It happens to the best of us. You’re sitting at home, enjoying a quiet evening by yourself when BAM—a notification comes onto your phone. It’s a Snapchat from your friend.
You open it, innocently, and are exposed to a scene from a club or bar or other social gathering where your friends are enjoying themselves.
First, there’s a whiff of annoyance. Why did they feel the need to send this to me?
This is sometimes followed by a realization. Oh yeah, I was totally invited and I turned the invitation down.
Of course, next, there’s the regret. So why does this Fear of Missing Out (or FOMO) suddenly rear its ugly head?
Seeing your friends, or even complete strangers, having fun without you, has the effect of making you feel left out, regretful for not attending, and just plain bad.
But—and I know we hear this a lot, and it seems obvious, so bear with me—just because it seems like people are having more fun than you online, it doesn’t mean that it’s actually true. Why is this worth repeating?
FOMO is real
It’s true.
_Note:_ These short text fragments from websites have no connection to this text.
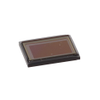 Image Sensors, Camera - 5556-AR0821CSSC18SMEA0-DPBR-ND - DigiKey
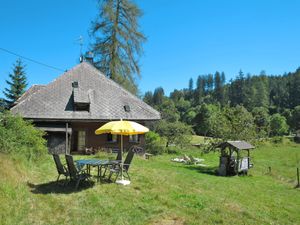 Ferienhaus für 6 Personen (110 m&sup2;) in Hinterzarten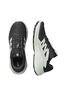 Salomon Women’s Alphaglide, Black/Phantom/Icicle, hi-res
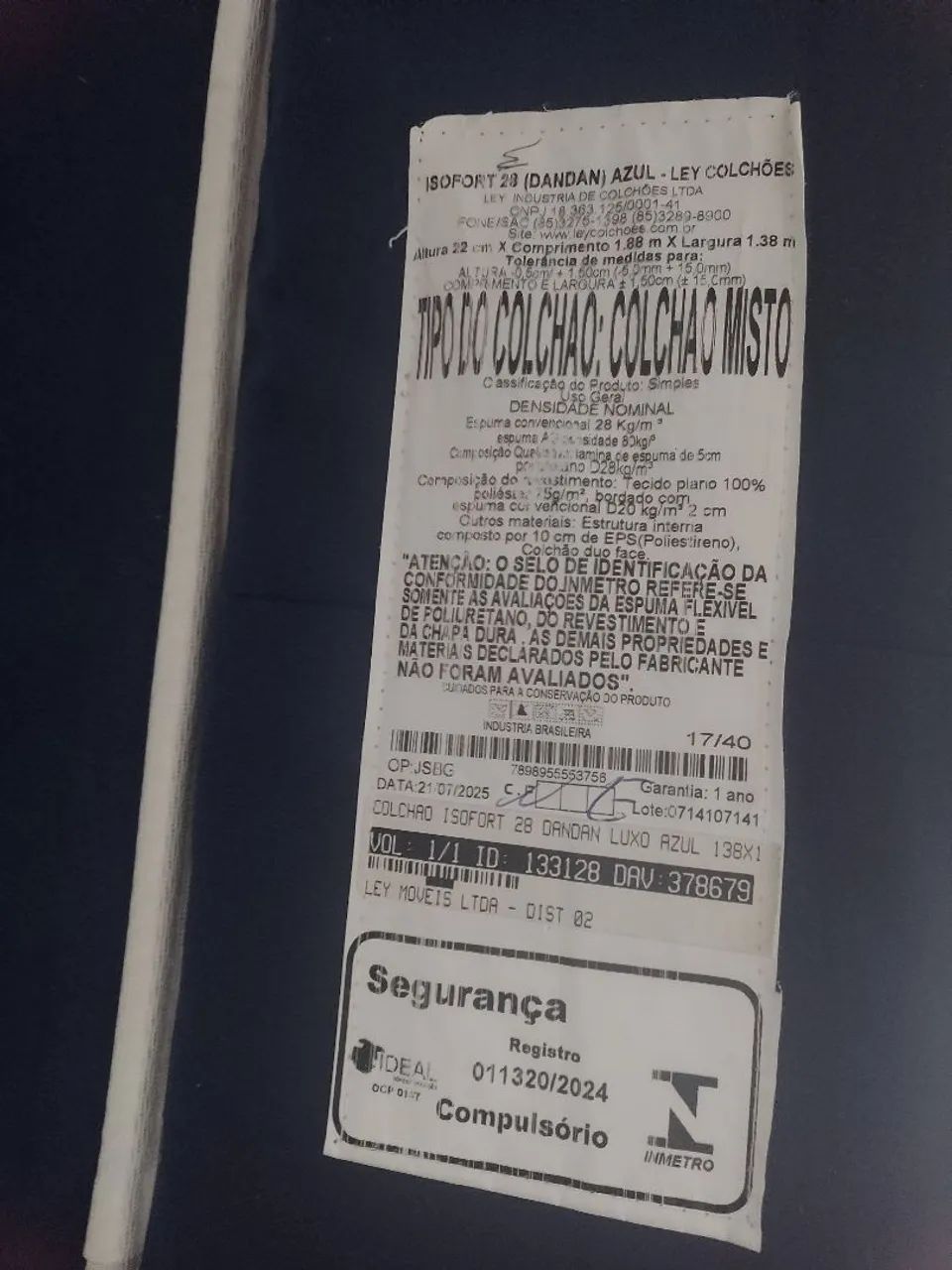 Vendo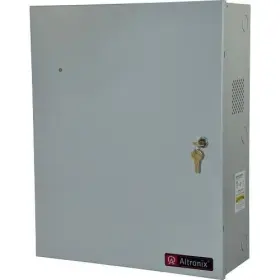 MAXFIT75F ALTRONIX Access Power Controller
FOMO is an actual real-life thing that can cause stress and anxiety and can prevent people from enjoying experiences they’re actually having.
Take a moment when you get FOMO to remember:
Nothing is as fun in real life as it looks like on social media
It’s okay to be by yourself on a Friday night or to do more low-key things
There are lots of different ways to enjoy yourself
Maybe you’re more introverted, so loud parties aren’t really your scene. You shouldn’t feel bad about that.
A cure for FOMO?
If FOMO is creeping up in your life more than you feel is normal, take stock:
- Are you saying no to experiences that might actually be worthwhile?
- Are you hiding in your room, or your house, where you feel comfortable, instead of challenging yourself and trying new things?
That can be unhealthy behaviour as well.
Prioritizing studying over partying is one thing (and you shouldn’t feel guilty about that) but there’s always a balance to be found. University is about saying yes to new experiences. Not always, and maybe not even most of the time, but if you don’t push yourself to exit the Netflix cocoon once in a while, you will probably regret it later on.
It’s a-okay to like to stay in and spend time by yourself. But always choosing the more comfortable option can make the fear of missing out become just...actually missing out.
It’s rare, but if you actually do find yourself with time on your hands, be mindful of how you use that time. Don’t spend that precious time comparing yourself to others (this is what can make FOMO so harmful). Instead, figure out what makes YOU happy, and spend your time doing that (whatever it may be!).